# [RECORDS TO USE]

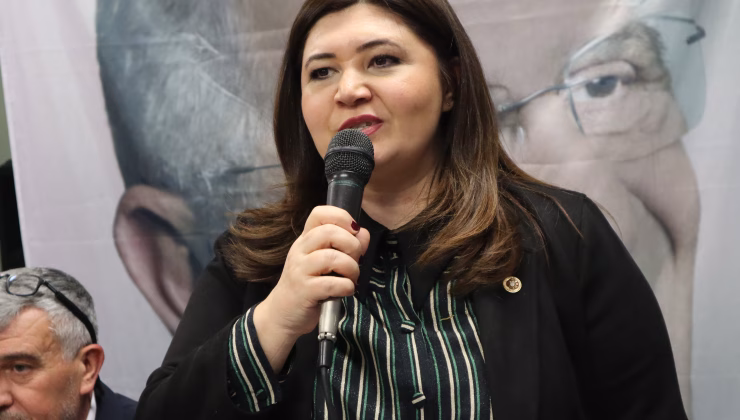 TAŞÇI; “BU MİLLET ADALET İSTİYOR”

...

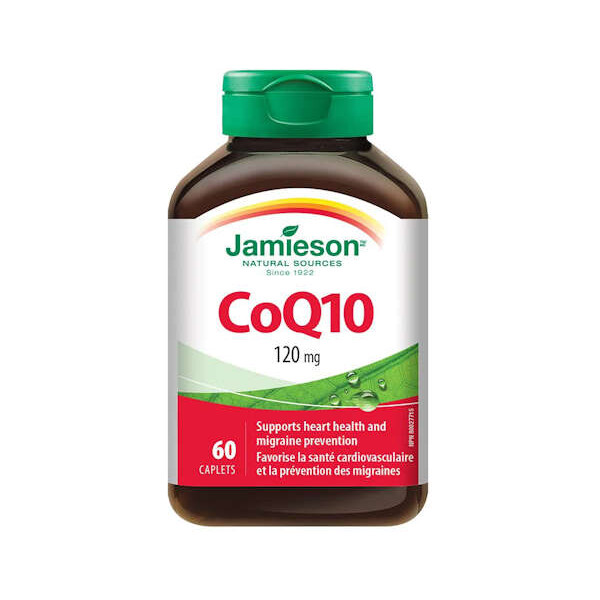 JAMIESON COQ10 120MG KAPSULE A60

...

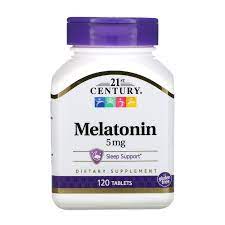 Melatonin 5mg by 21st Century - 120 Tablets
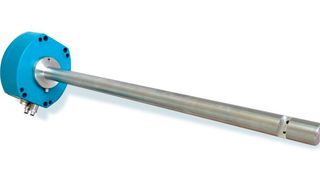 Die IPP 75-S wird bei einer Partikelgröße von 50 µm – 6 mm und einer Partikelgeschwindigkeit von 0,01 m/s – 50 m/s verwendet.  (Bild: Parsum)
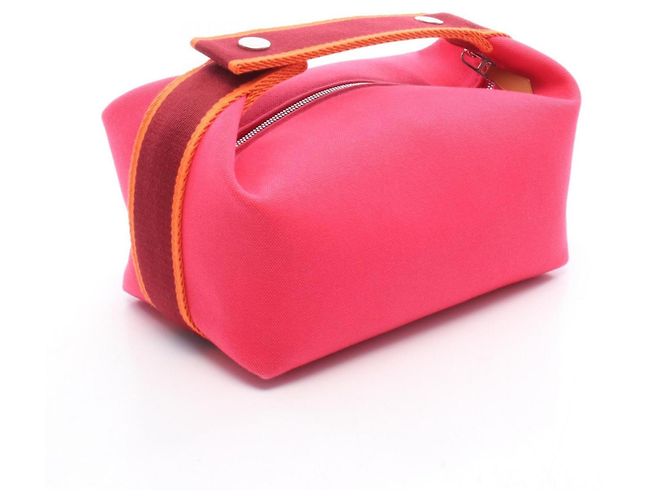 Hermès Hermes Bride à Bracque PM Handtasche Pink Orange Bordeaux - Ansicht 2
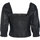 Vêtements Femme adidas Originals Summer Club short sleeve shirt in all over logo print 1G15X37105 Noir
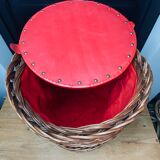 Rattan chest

# [TASK OBJECTIVE]
Look above for the line with "Melatonin 5mg by 21st Century - 120 Tablets" and the line with "Rattan chest", then copy exactly the lines from the first through the second, both kept, with no pictures.

# [COMPLETED TASK]
 Melatonin 5mg by 21st Century - 120 Tablets
 Die IPP 75-S wird bei einer Partikelgröße von 50 µm – 6 mm und einer Partikelgeschwindigkeit von 0,01 m/s – 50 m/s verwendet.  (Bild: Parsum)
 Hermès Hermes Bride à Bracque PM Handtasche Pink Orange Bordeaux - Ansicht 2
 Vêtements Femme adidas Originals Summer Club short sleeve shirt in all over logo print 1G15X37105 Noir
 Rattan chest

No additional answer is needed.